You also notice the “namespace” is different from the collection you queried. Where did this come from?

MongoDB time series collections are writable non-materialized views on internal collections that automatically organize time series data into an optimized storage format on insert.

As a result, the queries unpack data from the internal collections for usage.

Let’s take a look at how the data is stored in the “internal collection”.

Fig 8: Time series — internal system view
  • The meta data is stored only once
  • Measurements are stored in columnar fashion
  • There is a control block that has min and max values readily available

You can create secondary indexes as required. For example I created the following secondary indexes to be able to search by just server.id or search by server.region.

More on indexes later.

MongoDB native time series vs standard collection

How does native time series collection compare against standard collection?

What is more efficient?

What query capabilities does native time series provide?

My setup was as follows.

  • M30 with 128GB storage.
  • Data inserted through a Java program running on a VM
  • Connectivity to Atlas via VPC peering

Note: This is in no way a performance test nor tuned to extract the best performance. This is for the purposes of doing a quick comparison only.

Rate of ingestion

Native Time Series collection demonstrates it is roughly 70% faster compared to normal collection. To make the comparison consistent, both collections had an index of {server.id: 1, reportTime: 1}.

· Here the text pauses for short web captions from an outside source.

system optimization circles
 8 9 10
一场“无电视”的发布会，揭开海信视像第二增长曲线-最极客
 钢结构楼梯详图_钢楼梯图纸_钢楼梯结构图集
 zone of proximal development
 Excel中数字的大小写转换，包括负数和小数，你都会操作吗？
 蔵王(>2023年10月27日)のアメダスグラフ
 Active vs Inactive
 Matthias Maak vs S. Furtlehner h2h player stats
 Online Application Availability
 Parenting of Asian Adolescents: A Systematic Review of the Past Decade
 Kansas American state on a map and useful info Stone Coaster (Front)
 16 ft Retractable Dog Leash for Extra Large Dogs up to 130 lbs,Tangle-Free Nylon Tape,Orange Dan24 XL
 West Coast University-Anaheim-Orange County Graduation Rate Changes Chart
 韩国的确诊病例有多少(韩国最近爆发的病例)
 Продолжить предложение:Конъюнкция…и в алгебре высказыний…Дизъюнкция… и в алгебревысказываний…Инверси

I also tested against time series collections of various time granularity to see how they behave.

Fig 9: Rate of ingestion — native time series vs normal collection

Document Storage size

When it comes to storage, you start to see significant optimization in the native time series collection. This can be attributed to

  • Time series collections use “zstd” as default compression algorithm. Whereas normal collections use “snappy” as default.
  • Time series collections store data in a more optimized manner in automatically managed buckets.
  • Time series collections only store meta data once.

Index Storage size

The optimizations seen in index storage come from the fact that time series collections index groups of documents in stead of individual documents. These are “Clustered Indexes” .

Fig 10: Storage size — native time series vs normal collection

Performance of native time series collection

Queries that look to filter out specific datasets such as the one below based on “server.id” and “reportTime” range result in similar performance characteristics.

On an average for 1MM queries it results in approximately 1 ms response time average.

This is as expected. Collections with indexes that satisfy a query criteria are expected to perform well. So does the native time series collection

Fig 11: Standard query performance  — native time series vs normal collection

The following aggregation pipeline averages CPU readings by every hour across the time series. The native time series collection performs significantly better by almost 3 times compared to normal collection.

Fig 12: Aggregation of all data by hour  — native time series vs normal collection — query
Fig 13: Aggregation of all data by hour — native time series vs normal collection — performance

Analytical capabilities of native time series

MongoDB also added several time series analytical capabilities.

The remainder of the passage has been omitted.